Open natesire opened 10 years ago
This already exists https://github.com/tmlee/time_difference
Thanks. I emailed the founder of time_difference. I am actually looking for something that uses machine learning in a natural language approach. I need to parse human written date ranges. I might fork your chronic and post the beginnings of it. I am still deciding on which language to implement the machine learning in. Python has a great NLP TLKT. And C++ for Ruby extensions might take a while. But I even like Scala. Any ideas?
From a ruby perspective do you have a aversion to wrapping chronic with time_duration?
Something like this:
require 'chronic'
require 'time_difference'
humanStatement1 = "this tuesday 1pm"
humanStatement2 = "this tuesday 3pm"
humanStatement1Parsed = Chronic.parse(humanStatement1)
humanStatement2Parsed = Chronic.parse(humanStatement2)
# very human readable version
puts TimeDifference.between(humanStatement1Parsed, humanStatement2Parsed).in_hours #=> 2.0
# No need for the Prased Variables version
puts TimeDifference.between(Chronic.parse(humanStatement1), Chronic.parse(humanStatement2)).in_hours #=> 2.0
# Single Line version
puts TimeDifference.between(Chronic.parse("this tuesday 1pm"), Chronic.parse("this tuesday 3pm")).in_hours #=> 2.0
Use your NLP to tokenize the statements into the start date token and the end date token (humanStatement1 and humanStatement2)
For NLP have you looked at OpenNLP? http://opennlp.apache.org
and then for the ruby bindings, use: https://github.com/louismullie/open-nlp
I am testing time_difference. I didn't even know about openNLP. Awesome. I am checking all of this out.

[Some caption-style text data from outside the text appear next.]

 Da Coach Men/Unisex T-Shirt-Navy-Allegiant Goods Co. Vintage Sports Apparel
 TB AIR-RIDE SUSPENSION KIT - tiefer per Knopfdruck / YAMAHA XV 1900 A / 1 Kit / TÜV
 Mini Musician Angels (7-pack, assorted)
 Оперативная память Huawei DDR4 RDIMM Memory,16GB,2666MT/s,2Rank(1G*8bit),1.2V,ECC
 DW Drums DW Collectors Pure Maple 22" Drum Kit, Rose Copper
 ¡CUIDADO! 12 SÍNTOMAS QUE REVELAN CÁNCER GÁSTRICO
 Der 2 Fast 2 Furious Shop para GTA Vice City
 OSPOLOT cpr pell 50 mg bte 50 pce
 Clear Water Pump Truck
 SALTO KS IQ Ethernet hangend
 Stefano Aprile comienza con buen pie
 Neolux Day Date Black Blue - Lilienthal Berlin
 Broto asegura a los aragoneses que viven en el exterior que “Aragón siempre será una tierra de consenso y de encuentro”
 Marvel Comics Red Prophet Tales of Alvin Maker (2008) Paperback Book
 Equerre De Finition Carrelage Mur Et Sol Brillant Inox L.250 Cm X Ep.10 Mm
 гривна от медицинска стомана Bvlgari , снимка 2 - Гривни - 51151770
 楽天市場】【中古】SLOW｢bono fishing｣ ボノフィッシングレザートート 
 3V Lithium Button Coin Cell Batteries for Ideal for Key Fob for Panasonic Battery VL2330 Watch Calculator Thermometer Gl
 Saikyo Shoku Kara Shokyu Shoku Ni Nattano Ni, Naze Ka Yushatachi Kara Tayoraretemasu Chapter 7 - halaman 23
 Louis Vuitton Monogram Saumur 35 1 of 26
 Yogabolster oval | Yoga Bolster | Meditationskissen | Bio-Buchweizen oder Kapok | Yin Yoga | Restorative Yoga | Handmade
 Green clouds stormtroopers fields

I have to handle all kinds of weird characters like - / -- & etc... that can be inside and outside parts of the dates. I am going to write the more advanced parsing in Scala.
This is why you have NLP to tokenize your text to remove useless characters or replace the unneeded characters or words.
I see. Tokenization should work. Currently, my algorithm reads the sentence from 0 till chronic returns nil. Then it reads the sentence backwards until the previous nil point. I'll check and see how well tokenization can just provide me two dates.
Here's an example I am running into with chronic. 'Jan first week' is nil 'Jan first' is valid in chronic 'Jan' isn't valid, chronic returns 2015-01-16 12:00:00 -0500
So your idea is to erase 'week' and leave 'first', using tokenization?
I wrote a test in Python.
Here is the output [('Available', 'JJ'), ('June', 'NNP'), ('9', 'CD'), ('--', ':'), ('August', 'NNP'), ('first', 'JJ'), ('week', 'NN')] ['June', '9', 'August'] ['June', '9', 'August']
import nltk import MySQLdb import time import string import re
sentence = 'Available June 9 -- August first week' tokens = nltk.word_tokenize(sentence)
parts_of_speech = nltk.pos_tag(tokens) print parts_of_speech
approved_prepositions = ['NNP', 'CD'] filtered = [] for word in parts_of_speech:
if any(x in word[1] for x in approved_prepositions):
filtered.append(word[0])
print filtered
normalized = re.sub(r'\s\W+', ' ', ' '.join(filtered)) print filtered
I can write a white-list function for words like 'first'. I am really liking this solution. Great idea to tokenize. Now I need a different excuse to write something in Scala. hahahahaha
Here's an example I am running into with chronic. 'Jan first week' is nil 'Jan first' is valid in chronic 'Jan' isn't valid, chronic returns 2015-01-16 12:00:00 -0500
So your idea is to erase 'week' and leave 'first', using tokenization?
for examples like this i would make assumptions about the formats for the dates. Example if someone does "Jan First Week" you use NLP to grab the Month, and they they want Week 1. Then use the ruby date library to grab the day 1 in week 1 and day 7 in week 1.
Take a look at this for an example of grabbing the date of a day number in a week number: http://www.ruby-doc.org/stdlib-2.1.1/libdoc/date/rdoc/Date.html#method-c-commercial
Then use the time_difference library to get the duration.
I wrote a white-list function. Python is handling things beautifully. I can feed the output into chronic. I can call a python script from ruby. Let me know if chronic needs contributions.
great
I am writing my own solution to calculate date ranges (e.g. May 22 2014 to June 3 2015) based on chronic. I would gladly contribute this solution if needed.